Yes! I am sick of the labels, too. I don't read any parenting books and I want to scream every time someone starts a pissing contest about toddler accomplishment. I just go by instinct and survival and it works for us. So happy to hear someone else feels the same way.

Love it, I am VERY Proudly a survivor mom. Bathing is for wussies.

I've been doing the mom thing for 26 years come August. When are stared, those new plastic bottles were the greatest thing: lightweight and unbreakable! Yay! Now they are evil. Likewise, parenting fads and dietary expectations have come and gone. Whatever. I'm still here parenting my last pretty much like my first. Only we have money these days.

Since my girl came along, being a parent is an almost intrinsic part of my existence. Labeling every parenting choice, I think, can shift accountability. (But yes, Survival Mom would be "best fit")

triple like! thank you for naming us! i tend to call it the "good e-damn-nough" way. as for the "privates being covered with something resembling clothing", lol, FAIL. at least he knows not to go out front like that.

i was called out by a mom yesterday for giving my teething baby ibuprofen at night, and yes every night before bedtime for the last three days. FOR SHAME.

she says she doesn't believe in medicine for kids because it teaches their bodies something blah blah (I stopped listening so's to concentrate on smiling politely).
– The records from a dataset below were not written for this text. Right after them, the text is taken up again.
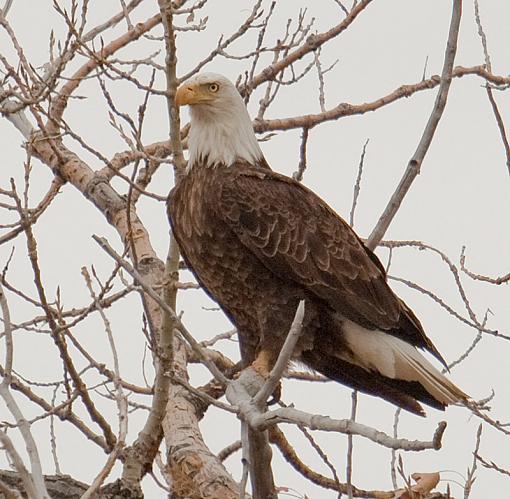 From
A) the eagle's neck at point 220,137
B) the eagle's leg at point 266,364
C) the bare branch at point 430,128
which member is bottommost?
the eagle's leg at point 266,364

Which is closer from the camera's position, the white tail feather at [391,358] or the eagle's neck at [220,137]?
the white tail feather at [391,358]

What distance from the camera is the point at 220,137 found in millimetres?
5348

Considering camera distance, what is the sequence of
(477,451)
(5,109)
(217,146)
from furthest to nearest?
(5,109)
(217,146)
(477,451)

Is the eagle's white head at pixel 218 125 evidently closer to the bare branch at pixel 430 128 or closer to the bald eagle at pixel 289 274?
the bald eagle at pixel 289 274

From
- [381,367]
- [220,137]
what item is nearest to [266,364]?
[381,367]

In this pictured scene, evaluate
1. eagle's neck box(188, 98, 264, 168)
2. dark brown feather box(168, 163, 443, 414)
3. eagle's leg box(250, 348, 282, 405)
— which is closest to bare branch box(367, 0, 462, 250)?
dark brown feather box(168, 163, 443, 414)

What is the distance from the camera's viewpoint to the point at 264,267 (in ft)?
16.6

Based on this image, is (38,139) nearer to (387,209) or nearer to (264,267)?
(264,267)

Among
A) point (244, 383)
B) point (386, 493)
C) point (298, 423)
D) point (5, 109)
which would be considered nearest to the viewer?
point (298, 423)

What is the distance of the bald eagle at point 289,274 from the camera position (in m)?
5.00

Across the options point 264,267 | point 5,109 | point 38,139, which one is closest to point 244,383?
point 264,267

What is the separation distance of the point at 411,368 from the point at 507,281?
0.65 metres

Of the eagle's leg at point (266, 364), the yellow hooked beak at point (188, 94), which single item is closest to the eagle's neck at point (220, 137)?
the yellow hooked beak at point (188, 94)

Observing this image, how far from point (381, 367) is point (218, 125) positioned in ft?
4.50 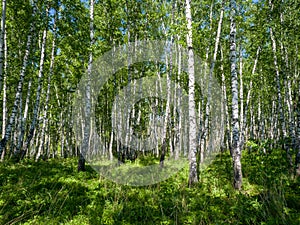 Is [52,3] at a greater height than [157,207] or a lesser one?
greater

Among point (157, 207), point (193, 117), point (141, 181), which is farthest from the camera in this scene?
point (141, 181)

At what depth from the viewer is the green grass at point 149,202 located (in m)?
5.33

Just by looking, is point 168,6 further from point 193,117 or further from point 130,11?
point 193,117

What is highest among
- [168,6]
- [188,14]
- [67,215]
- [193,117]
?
[168,6]

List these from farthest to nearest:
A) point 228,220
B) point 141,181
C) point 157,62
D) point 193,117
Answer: point 157,62 → point 141,181 → point 193,117 → point 228,220

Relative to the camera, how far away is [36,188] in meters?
7.87

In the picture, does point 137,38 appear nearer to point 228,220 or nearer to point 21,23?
point 21,23

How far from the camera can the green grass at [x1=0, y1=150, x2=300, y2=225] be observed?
17.5ft

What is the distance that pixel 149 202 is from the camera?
6.88 m

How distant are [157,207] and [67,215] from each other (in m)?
2.47

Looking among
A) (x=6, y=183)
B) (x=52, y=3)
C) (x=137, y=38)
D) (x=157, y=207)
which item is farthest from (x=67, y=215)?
(x=137, y=38)

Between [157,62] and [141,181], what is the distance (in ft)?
46.1

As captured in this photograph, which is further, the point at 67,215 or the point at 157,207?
the point at 157,207

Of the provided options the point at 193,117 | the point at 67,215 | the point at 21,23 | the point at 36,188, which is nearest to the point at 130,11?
the point at 21,23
I wanted to ask her 1) do you use meds when you have a headache and

2) do you know what it's like to have steak knives ripping through your gums for weeks on end?

thank you kristin!

tara

I have four children under six, two of which are twin toddlers. I know how you feel. I am a Survivor Mom, too. My husband would be called a Survivor Dad because he's a SAHD and I'm a full-time working mother. When I get home from working as a teacher, I take the reins from my husband so he can get a break, which isn't always easy when I've had a full day myself.
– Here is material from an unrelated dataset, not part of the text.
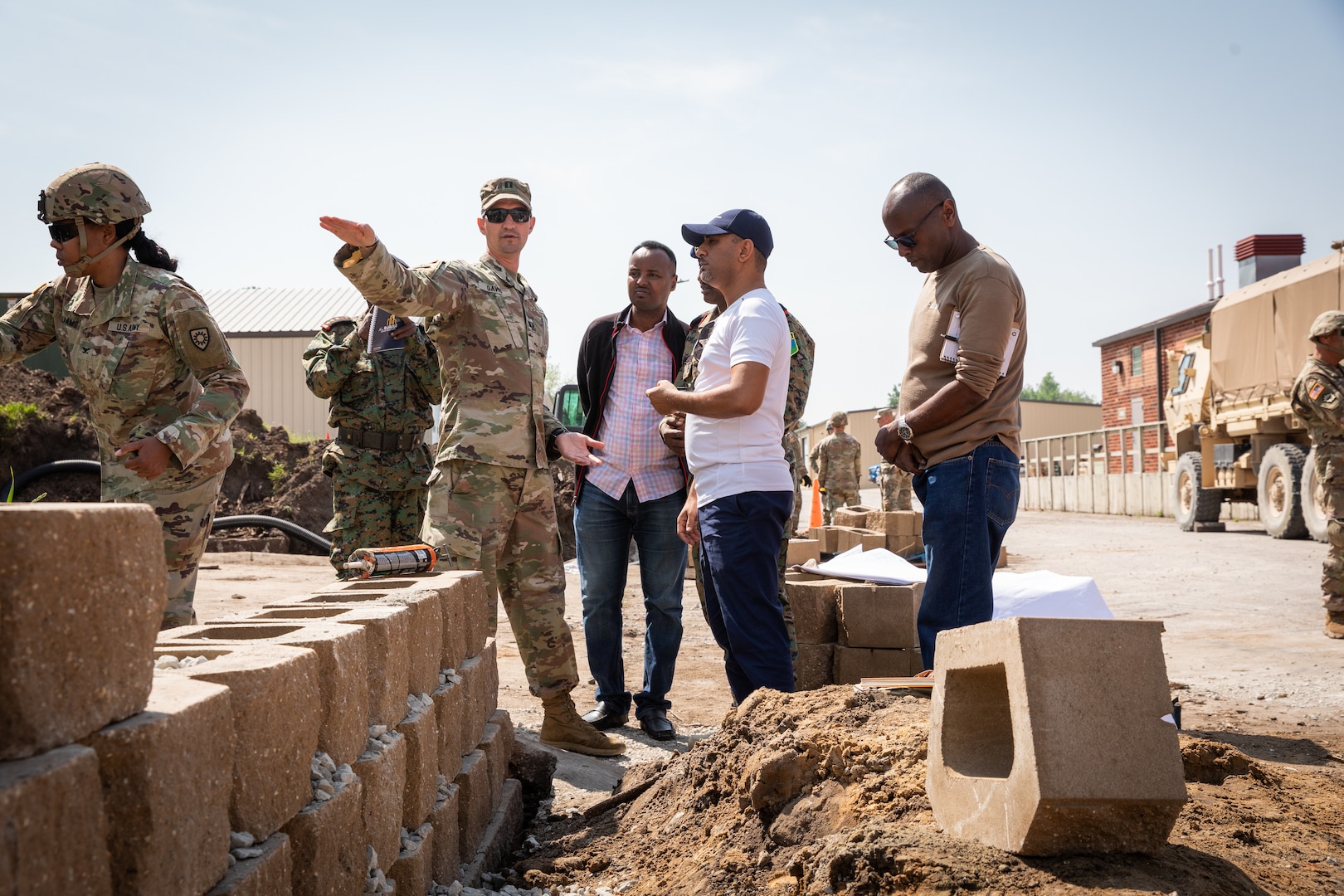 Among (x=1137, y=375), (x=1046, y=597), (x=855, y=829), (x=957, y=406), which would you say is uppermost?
(x=1137, y=375)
I think that if the kids are still alive by 5pm, we've done our job.

Please share tips survivor moms!!! I am a co-sleeping, breastfeeding, cloth-diapering, cook-everything-from-scratch, no-tv, full-time working mom - and I am NOT surviving. Today, literally, I could not get out of bed from exhaustion - every muscle hurt, dizzy from lack of sleep, a migraine that started Friday morning... IT CANNOT BE DONE!!! ALL the advice out there is about how to make things a bit better for baby (and a helluva lot harder for mommy).

You've inspired me - I plopped junior in front of the TV to watch the Simpsons, ate my own dinner in peace, and skipped the bath (why did it not dawn on me earlier that he doesn't need a bath every day!). So, please, send some REAL LIFE advice my way. I want to join the Survivors camp!
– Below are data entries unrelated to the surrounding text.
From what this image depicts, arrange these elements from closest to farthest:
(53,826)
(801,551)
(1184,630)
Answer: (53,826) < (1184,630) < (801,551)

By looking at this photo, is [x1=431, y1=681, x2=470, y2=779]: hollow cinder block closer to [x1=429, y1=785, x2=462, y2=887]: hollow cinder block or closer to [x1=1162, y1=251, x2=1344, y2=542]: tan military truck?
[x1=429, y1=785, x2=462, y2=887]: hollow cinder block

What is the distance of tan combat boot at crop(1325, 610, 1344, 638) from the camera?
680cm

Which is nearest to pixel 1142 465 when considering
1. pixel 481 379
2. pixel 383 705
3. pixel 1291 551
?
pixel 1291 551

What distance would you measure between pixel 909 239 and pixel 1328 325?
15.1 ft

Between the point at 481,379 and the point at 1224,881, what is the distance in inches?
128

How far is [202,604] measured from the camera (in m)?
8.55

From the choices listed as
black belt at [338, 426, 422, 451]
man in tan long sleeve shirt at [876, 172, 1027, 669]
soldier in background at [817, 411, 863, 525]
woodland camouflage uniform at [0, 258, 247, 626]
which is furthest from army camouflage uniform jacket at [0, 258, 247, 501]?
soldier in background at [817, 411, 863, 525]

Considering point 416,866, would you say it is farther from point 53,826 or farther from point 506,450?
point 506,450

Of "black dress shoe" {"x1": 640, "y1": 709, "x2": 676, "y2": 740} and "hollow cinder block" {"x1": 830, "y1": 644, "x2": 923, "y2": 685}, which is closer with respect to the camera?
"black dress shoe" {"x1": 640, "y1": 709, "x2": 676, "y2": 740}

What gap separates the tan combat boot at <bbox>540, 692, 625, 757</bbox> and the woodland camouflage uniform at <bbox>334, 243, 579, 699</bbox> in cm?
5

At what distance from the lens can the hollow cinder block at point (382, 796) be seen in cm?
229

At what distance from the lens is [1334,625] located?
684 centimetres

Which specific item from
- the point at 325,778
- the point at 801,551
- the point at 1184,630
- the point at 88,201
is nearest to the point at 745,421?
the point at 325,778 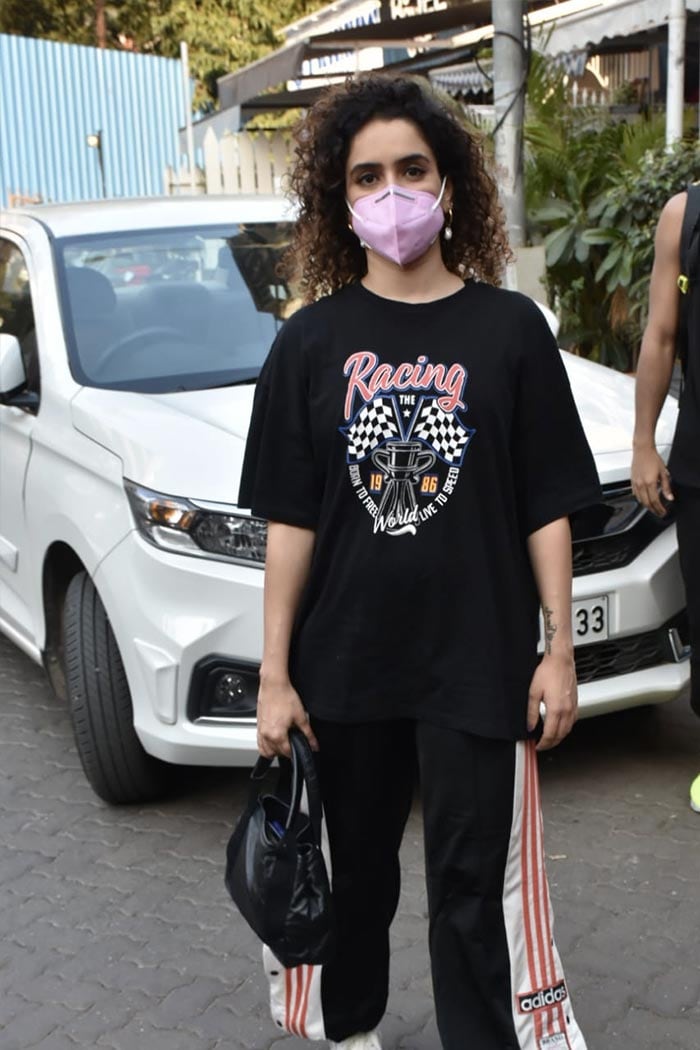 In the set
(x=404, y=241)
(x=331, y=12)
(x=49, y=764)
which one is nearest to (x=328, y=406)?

Please check into the issue of cell phone companies placing towers on school properties in the middle of residential neighborshoods. It is so dangerous and lowers property values. If you would like, we could use your support and help by directing people to sign our petition so we can stop a cell tower at my daughter's elementary school. Thanks much!
http://www.thepetitionsite.com/1/Stop-Brockett-Cell-Towers/

I used to get pissed (and let him know it) at the husband for plopping our 6 month old in her swing in front of the t.v. to watch music videos while he got himself and the 8 year old ready for work/school in the morning. I leave for work before the rest of the house rises, so my 8 year old spy ratted him out.
Then I tried it myself after going insane trying to use every tactic I knew to get the kid to stop freaking out everytime I put her down since having her at the boob 24 hours straight is just not an option.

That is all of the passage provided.